Het voordeel van de menselijke maat, dat een klein stadsdeel biedt, lijkt met dit stadsdeel van 135.000 inwoners verdwenen. De vraag is of het nieuwe vergrote stadsdeel wel de effectiviteit en efficiency zal kunnen bieden, waarin de kleinere stadsdelen volgens het onderzoek van de commissie Mertens tekort schoten.

Eén stadsdeel
Alle commissies en rapporten ten spijt, er is geen enkele garantie dat een aantal van zeven stadsdelen wél een bestuur oplevert dat voldoet aan de drie voorwaarden die in de jaren tachtig van de vorige eeuw ten grondslag lagen aan de beslissing voor het instellen van stadsdelen.

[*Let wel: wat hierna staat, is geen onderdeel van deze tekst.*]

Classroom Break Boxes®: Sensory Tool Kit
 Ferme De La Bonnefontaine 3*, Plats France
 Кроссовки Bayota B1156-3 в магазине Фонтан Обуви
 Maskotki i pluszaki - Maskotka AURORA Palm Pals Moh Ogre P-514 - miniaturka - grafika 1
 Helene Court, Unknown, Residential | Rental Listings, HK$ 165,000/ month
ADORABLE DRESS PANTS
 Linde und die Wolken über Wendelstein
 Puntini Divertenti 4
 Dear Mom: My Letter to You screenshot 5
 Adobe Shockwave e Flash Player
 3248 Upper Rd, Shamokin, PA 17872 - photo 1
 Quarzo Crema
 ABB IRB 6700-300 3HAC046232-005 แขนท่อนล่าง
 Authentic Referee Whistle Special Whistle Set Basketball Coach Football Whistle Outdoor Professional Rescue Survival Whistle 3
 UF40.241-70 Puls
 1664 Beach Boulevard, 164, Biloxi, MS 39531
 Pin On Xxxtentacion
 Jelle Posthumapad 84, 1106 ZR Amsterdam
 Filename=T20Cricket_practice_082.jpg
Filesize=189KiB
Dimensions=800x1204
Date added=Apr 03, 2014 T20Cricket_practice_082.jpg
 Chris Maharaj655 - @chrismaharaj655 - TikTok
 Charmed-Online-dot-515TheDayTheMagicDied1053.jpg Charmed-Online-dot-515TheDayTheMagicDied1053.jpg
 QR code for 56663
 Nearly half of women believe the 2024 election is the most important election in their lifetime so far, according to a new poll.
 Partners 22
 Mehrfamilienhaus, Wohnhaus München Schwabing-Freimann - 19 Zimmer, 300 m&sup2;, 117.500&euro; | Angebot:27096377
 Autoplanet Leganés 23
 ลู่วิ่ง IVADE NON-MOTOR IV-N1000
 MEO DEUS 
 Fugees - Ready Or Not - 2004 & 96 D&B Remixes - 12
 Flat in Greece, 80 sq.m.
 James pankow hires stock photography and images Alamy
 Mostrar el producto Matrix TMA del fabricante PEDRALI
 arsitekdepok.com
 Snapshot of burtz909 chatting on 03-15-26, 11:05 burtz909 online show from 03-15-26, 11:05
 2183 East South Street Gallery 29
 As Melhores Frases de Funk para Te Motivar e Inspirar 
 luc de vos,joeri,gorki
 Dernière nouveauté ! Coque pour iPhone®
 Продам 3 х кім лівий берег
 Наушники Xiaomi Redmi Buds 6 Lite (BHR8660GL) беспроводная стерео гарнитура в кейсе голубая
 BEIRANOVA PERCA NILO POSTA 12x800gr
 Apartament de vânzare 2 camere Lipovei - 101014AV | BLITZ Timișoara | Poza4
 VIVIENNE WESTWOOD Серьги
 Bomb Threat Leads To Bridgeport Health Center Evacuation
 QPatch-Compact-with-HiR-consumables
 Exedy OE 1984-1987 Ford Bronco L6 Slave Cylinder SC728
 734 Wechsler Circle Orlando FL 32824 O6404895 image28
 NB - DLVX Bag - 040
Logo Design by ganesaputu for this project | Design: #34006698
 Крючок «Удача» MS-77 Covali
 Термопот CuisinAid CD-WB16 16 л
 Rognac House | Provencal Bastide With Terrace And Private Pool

Na meer dan twintig jaar discussie over het nut van stadsdelen is Amsterdam na de komende fusieronde nog maar één stap verwijderd van een bestuurlijk stelsel met één stadsdeel. Dan wordt de stad weer net als vroeger bestuurd door de gemeente, vanuit één visie, met een juiste balans tussen eenduidigheid en maatwerk. Of het bestuur dan nog dicht bij de burger staat én het ook nog eens het belang van de burger dient is een andere vraag die niet eenvoudig is te beantwoorden. Het gaat dan over mentaliteit en of een bestuurder met mensen in contact wil treden. Daarover is in het verleden in beleidsnota’s en toekomstvisies weinig geschreven. Het College van B&W van de gemeente Amsterdam is zich volgens de ‘Nota Amsterdams bestuur anno 2010’ aan het voorbereiden op een toekomstvisie. Misschien wordt er deze keer wel een hoofdstuk aan gewijd.